• Shawn
    12.6k
    I would like to start a thread about proposals for the next reading group...

    I don't have a list on mind, but is anyone interested in reading some of the recents?

    May I propose that we can read papers also and if so does anyone have any suggestions?
  • Paine
    1.9k
    I would like to talk about On the Genealogy of Morality by Nietzsche.
  • Shawn
    12.6k
    Oh, a reading group for Nietzsche would be quite some fun...
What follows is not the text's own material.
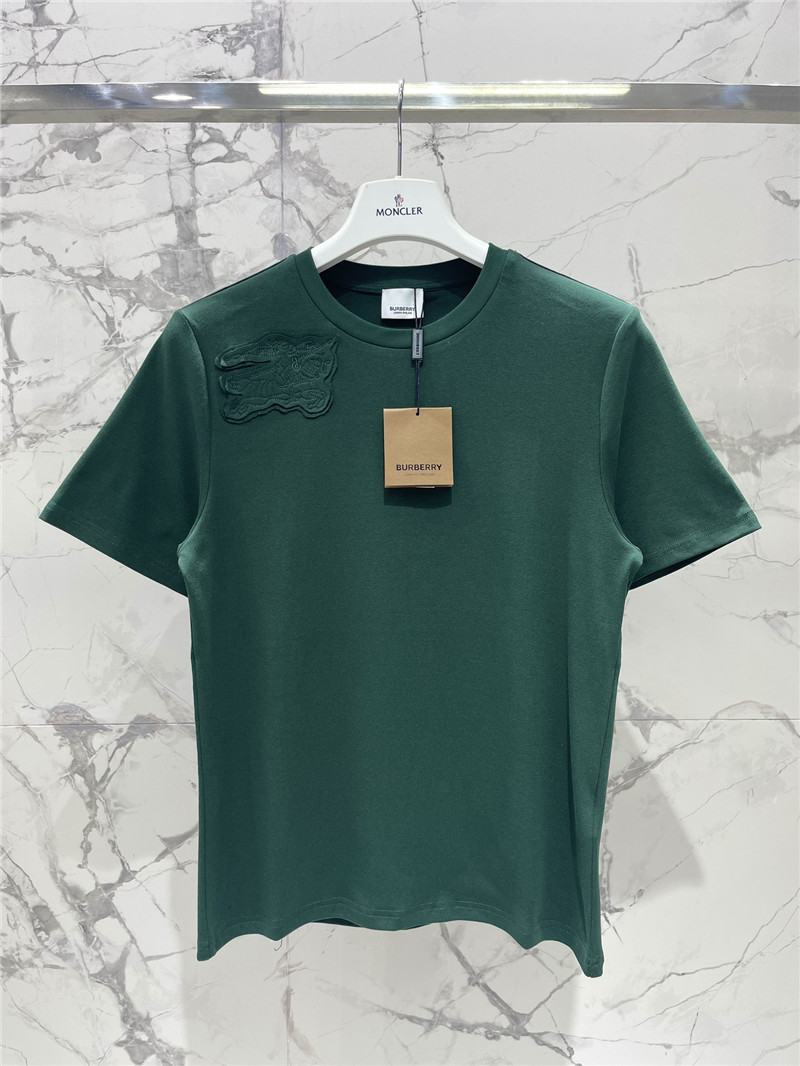 Bv*b*rry crew neck t-shirt replicas clothes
    I'd like to ask if anyone would be interested in reading something published by Scott Soams?
  • Manuel
    3.9k
    I've done one for Chomsky and Hume.

    Coming up is Locke's Essay, probably focusing on 3 chapters, but I've still to finish re-reading the book.
  • Shawn
    12.6k
    I recently finished Rorty's Linguistic Turn, which was really a great introduction to linguistic philosophy. I'm hoping someone would want to delve more into the current state of the linguistic turn in philosophy, nowadays.
  • Shawn
    12.6k
    @Banno proposed reading Identity and Necessity by Kripke.

    Anyone?
  • Shawn
    12.6k
    I plan a thread on Danièle Moyal-Sharrock's Understanding Wittgenstein’s On Certainty, which apparently addresses the pre-predicative and the predicative distinction in an interesting way. I think she's muddled, but the devil will be in the detail. — Banno

    - @Banno
    https://thephilosophyforum.com/discussion/comment/768370
  • Shawn
    12.6k
    I'm hoping to start some reading group around Philosophical Pessimism.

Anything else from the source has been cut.